And I think that’s even more. Like I said, there’s a lot of layers to this. And I think I also have certain beliefs about what a messy house means.
What does it mean to have it?
Why am I triggered in the first place about having a messy house? And my grandma always said cleanliness is next to Godliness.
That’s a heavy one. Which means if the house is not clean.
Then you’re going to go to hell. You’re just going straight to hell if your house is a clean. And growing up, both of my parents are pretty anal about cleanliness. It was a really strong value in our house every weekend. We weren’t allowed to do anything fun until our chores were done Saturday morning.
Like just half an hour.
No, just not half an hour. This is the part that’s so funny to me because when we do chores in our house, it’s like an hour Max, like chores. In my parents’house, it was like my parents would blast the stereo in the house at 07:00 A.m. On a Saturday if we didn’t have sports practice. And oh my gosh, there’d be music blasting and I’d be a teenager. Like, I just want to sleep. It’d usually be like some soul music or something. I have fond memories of it and also like, oh, my God, yeah.

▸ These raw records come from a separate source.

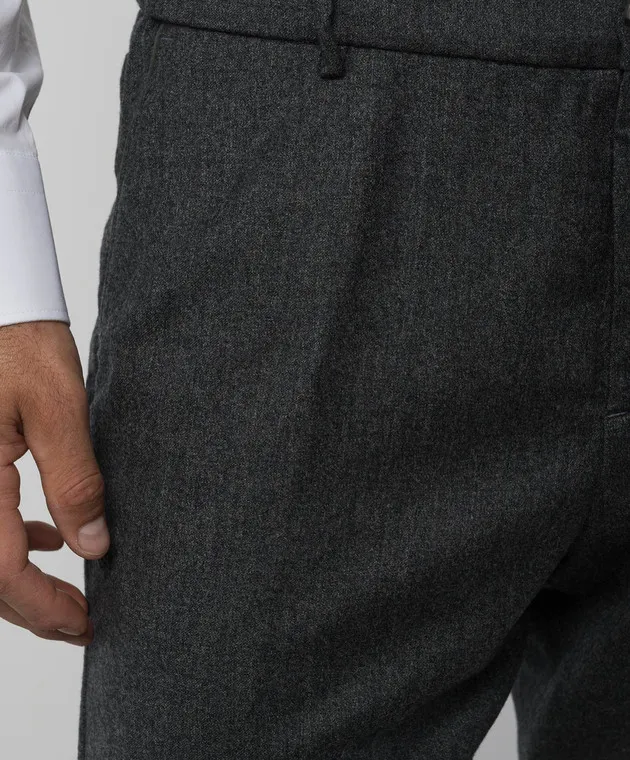 Canali Gray pants made of wool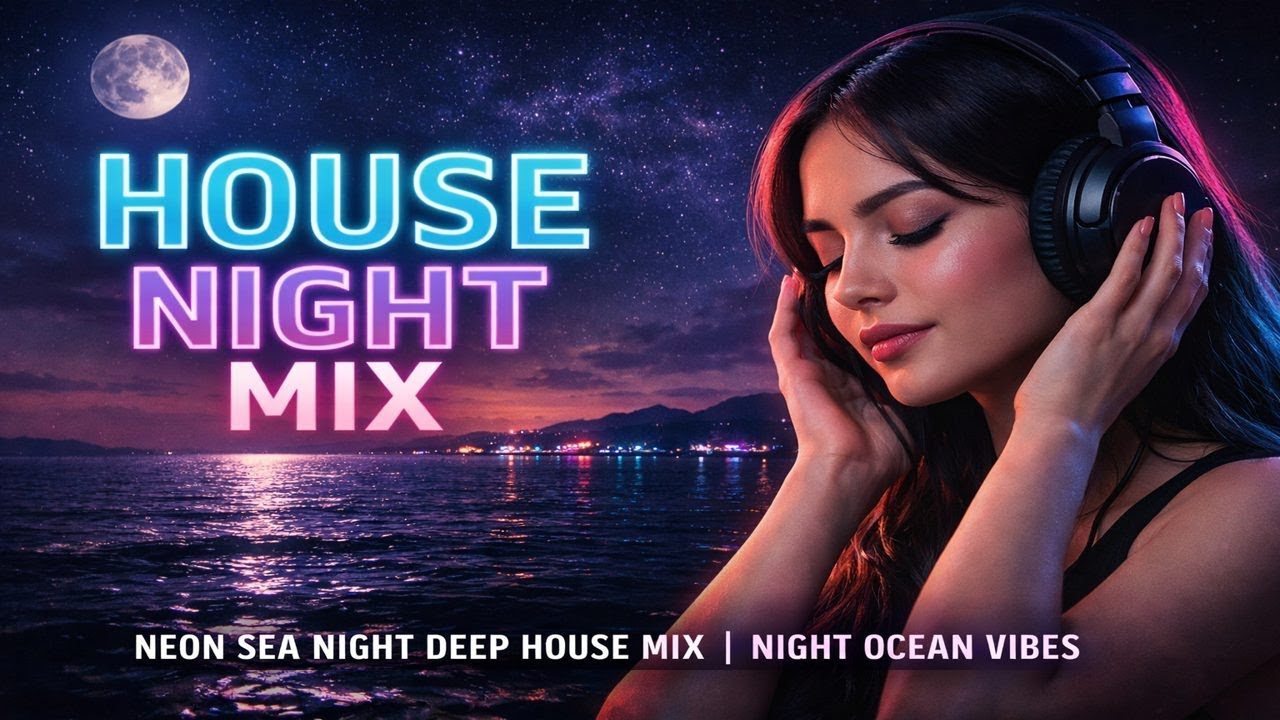 Night Deep House Mix | Night Ocean Vibes  |  Neon Sea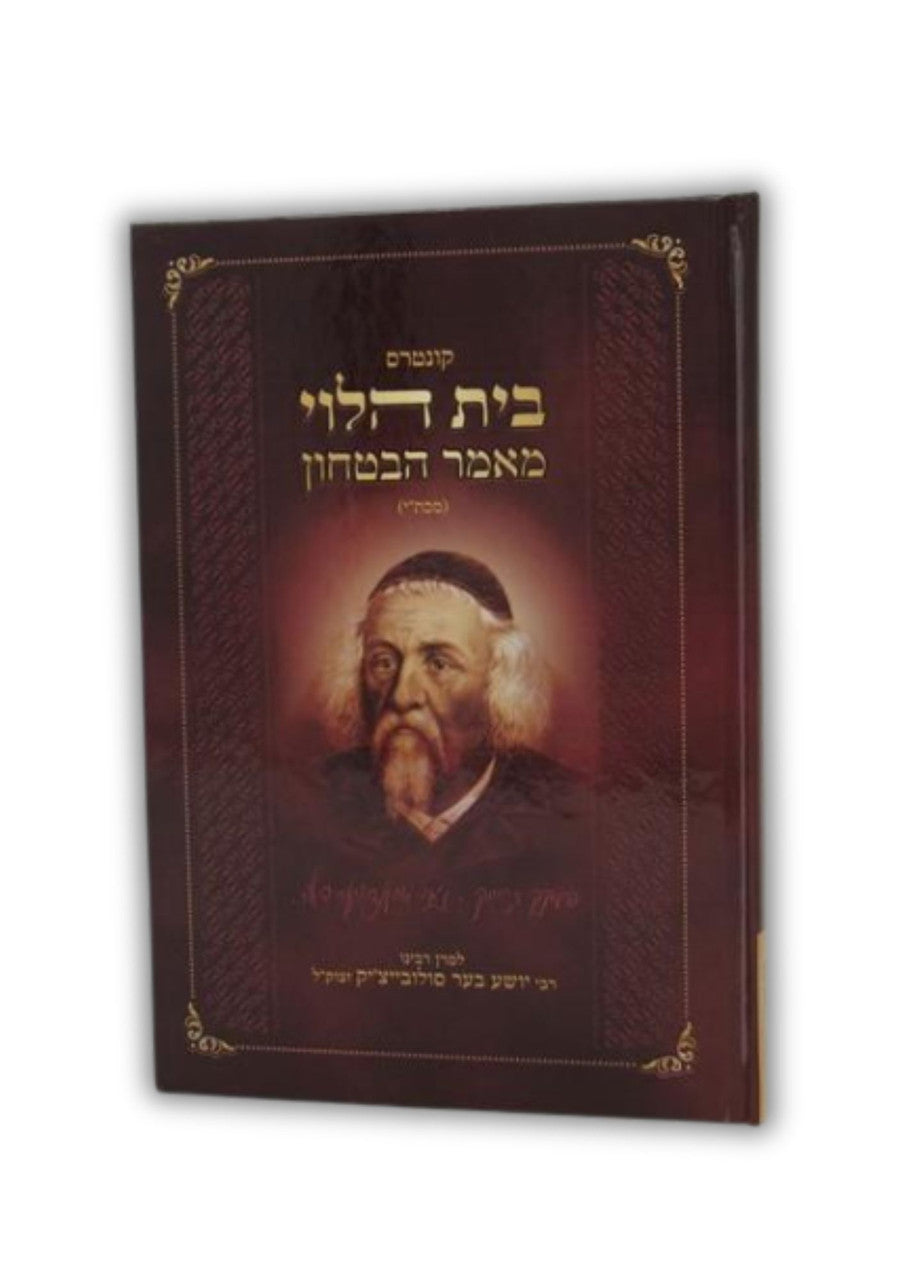 ספר בית הלוי מאמר הבטחון (BK-BHMB)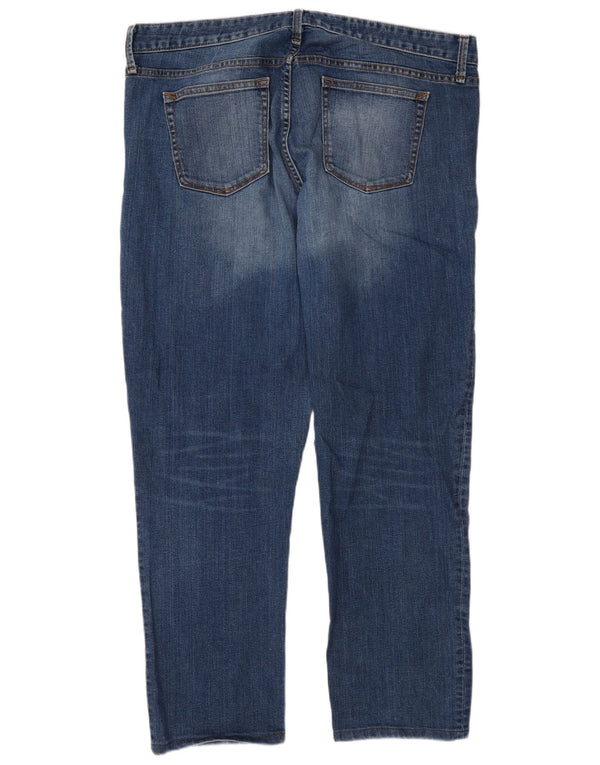 Gap Jean droit haut pour femme UK 18 XL W34 L30 Bleu Coton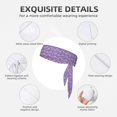 thumbnail image 3 of Rocae Pugs and Flowers Printed Tie Headband Hair Band Unisex Tie Sport Tie Back Headband for Basketball, Running, Tennis, Karate, Athletics, 3 of 9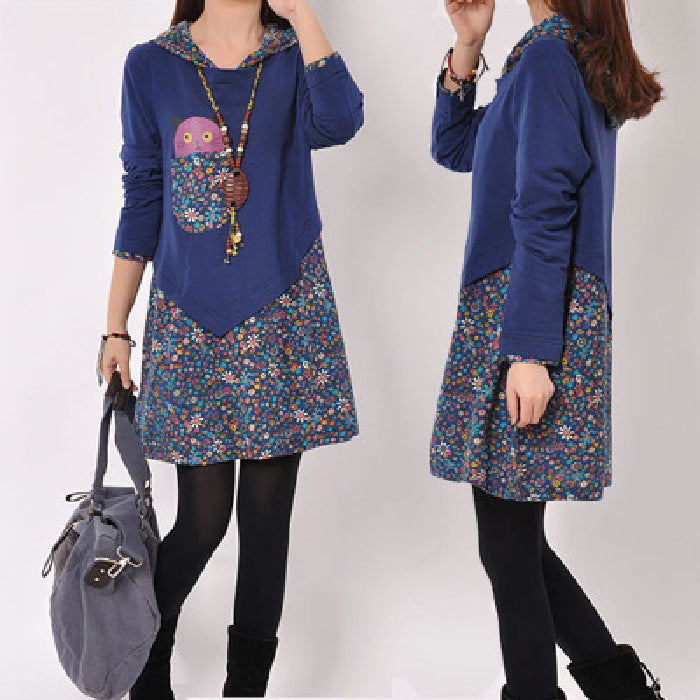 Loose Casual Skirt Korean Sports Long Sleeve Dress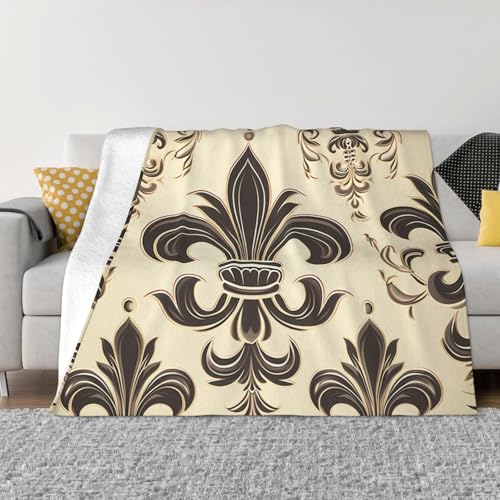 Fleur-De-Lis and Coat Arms Ritter, Überwurfdecke, leicht, superweich, Flanelldecken, gemütlich, warm, Mikrofleece-Decken, Heimdekoration für Couch, Sofa, Bett, Wohnzimmer, 203 x 152 cm Fleur-De-Lis and Coat Arms Ritter, Überwurfdecke, leicht, superweich, Flanelldecken, gemütlich, warm, Mikrofleece-Decken, Heimdekoration für Couch, Sofa, Bett, Wohnzimmer, 203 x 152 cm von LHDGBNV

It sounds like also a family activity, like everybody else on board. So it’s a way to do something as a family. But that might not be the best idea of fancy.
Yes. And yeah. Cleaning on Saturdays involved probably about like four or 5 hours. It was, you know, I’m cleaning my room, doing my laundry, starting my laundry, I’m cleaning my bathroom, maybe my parents bathroom. My mom would wake up and we’d go out to the table and there’d be a list for each of us. My sister and I very organized. Super organized. And on that list, there was your list of chores for the day. And sometimes that includes cleaning the ceiling fans or washing walls was really frequent in our house or like, dusting the wood and then polishing it, like lots and lots of cleaning.
Yeah. Thank you for being so thorough. And I think that’s an amazing conversation to have in a relationship. It’s to know what it means. There are implied social conventions saying like, well, everybody knows that you should XYZ. And I don’t know, I’m from France. I don’t have the same XYZ in Americans.
Yeah. I think a good example of this is I like to clean before we have parties. Right. Because I’m coming from.
That’s a good one.
I’m coming from this belief of the whole house is supposed to be clean to impress other people how clean your house is, which means you’re going to heaven and not to hell yeah.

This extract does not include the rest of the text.